* **WHAT THE TASK REQUIRES**: Look through the entries below and report every line that has "from".

* **LISTED RECORDS**:
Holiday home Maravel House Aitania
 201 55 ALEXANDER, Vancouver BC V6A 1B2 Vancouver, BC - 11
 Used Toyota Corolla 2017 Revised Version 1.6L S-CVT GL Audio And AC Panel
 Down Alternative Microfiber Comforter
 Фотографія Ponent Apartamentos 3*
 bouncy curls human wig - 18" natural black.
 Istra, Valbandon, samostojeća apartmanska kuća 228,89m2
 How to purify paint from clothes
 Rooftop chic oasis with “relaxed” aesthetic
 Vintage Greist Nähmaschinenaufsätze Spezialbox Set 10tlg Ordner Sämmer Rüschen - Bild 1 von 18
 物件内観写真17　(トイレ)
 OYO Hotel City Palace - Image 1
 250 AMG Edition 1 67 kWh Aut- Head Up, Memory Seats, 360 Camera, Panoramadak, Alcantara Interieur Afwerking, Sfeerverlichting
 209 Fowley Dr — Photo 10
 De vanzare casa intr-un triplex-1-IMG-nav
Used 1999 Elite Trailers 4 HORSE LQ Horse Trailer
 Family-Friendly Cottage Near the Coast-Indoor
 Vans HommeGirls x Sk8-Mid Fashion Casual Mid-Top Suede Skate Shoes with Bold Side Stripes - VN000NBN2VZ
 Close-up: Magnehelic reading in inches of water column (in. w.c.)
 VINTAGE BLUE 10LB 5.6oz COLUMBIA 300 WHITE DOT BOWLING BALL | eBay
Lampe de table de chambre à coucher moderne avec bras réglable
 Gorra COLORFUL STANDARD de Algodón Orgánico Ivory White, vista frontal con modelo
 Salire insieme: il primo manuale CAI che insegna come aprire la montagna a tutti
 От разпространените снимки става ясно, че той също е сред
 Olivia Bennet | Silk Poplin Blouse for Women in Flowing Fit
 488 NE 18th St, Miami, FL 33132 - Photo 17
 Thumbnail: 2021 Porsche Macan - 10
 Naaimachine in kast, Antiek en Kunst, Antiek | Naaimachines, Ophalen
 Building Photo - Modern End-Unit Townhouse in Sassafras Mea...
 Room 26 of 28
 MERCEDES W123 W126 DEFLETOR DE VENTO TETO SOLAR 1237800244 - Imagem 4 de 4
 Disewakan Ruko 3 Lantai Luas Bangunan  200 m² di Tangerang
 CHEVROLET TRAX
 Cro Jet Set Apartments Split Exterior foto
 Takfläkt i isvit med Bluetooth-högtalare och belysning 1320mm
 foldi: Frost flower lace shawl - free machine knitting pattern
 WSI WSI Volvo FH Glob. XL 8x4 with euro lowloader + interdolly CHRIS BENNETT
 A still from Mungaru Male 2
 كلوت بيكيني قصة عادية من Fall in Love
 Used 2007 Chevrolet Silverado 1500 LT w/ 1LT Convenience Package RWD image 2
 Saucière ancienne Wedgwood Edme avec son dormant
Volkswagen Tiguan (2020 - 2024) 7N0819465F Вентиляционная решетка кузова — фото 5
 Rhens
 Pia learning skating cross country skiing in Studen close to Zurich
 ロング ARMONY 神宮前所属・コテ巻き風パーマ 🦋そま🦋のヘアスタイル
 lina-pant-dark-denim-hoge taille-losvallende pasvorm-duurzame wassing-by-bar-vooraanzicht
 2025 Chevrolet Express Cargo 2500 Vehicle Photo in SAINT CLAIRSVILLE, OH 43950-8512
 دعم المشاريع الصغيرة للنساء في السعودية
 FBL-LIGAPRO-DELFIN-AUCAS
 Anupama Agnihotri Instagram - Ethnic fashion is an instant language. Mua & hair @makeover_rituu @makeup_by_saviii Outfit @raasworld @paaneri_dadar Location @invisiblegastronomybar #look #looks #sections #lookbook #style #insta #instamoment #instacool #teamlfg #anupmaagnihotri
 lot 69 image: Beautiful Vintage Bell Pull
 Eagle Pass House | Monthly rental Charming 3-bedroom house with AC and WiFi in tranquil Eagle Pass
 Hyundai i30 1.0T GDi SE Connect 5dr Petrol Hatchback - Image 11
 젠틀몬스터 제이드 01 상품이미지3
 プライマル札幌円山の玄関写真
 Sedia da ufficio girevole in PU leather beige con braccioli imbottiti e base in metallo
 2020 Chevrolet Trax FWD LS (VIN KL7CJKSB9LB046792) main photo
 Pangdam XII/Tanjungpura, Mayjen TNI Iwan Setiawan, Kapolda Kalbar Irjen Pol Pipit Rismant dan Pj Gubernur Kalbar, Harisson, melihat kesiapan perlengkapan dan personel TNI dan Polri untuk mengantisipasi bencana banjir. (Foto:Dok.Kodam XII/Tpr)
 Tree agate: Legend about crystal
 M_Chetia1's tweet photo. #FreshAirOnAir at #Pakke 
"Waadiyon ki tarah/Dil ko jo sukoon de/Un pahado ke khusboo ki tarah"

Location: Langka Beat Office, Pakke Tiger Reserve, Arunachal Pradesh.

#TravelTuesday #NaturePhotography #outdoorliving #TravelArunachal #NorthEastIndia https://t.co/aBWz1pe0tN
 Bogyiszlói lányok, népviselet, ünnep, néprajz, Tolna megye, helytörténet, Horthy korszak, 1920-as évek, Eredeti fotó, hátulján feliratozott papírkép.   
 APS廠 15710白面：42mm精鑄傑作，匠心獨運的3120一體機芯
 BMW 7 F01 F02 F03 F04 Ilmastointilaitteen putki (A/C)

* **EXERCISE SOLUTION**:
 How to purify paint from clothes
 A still from Mungaru Male 2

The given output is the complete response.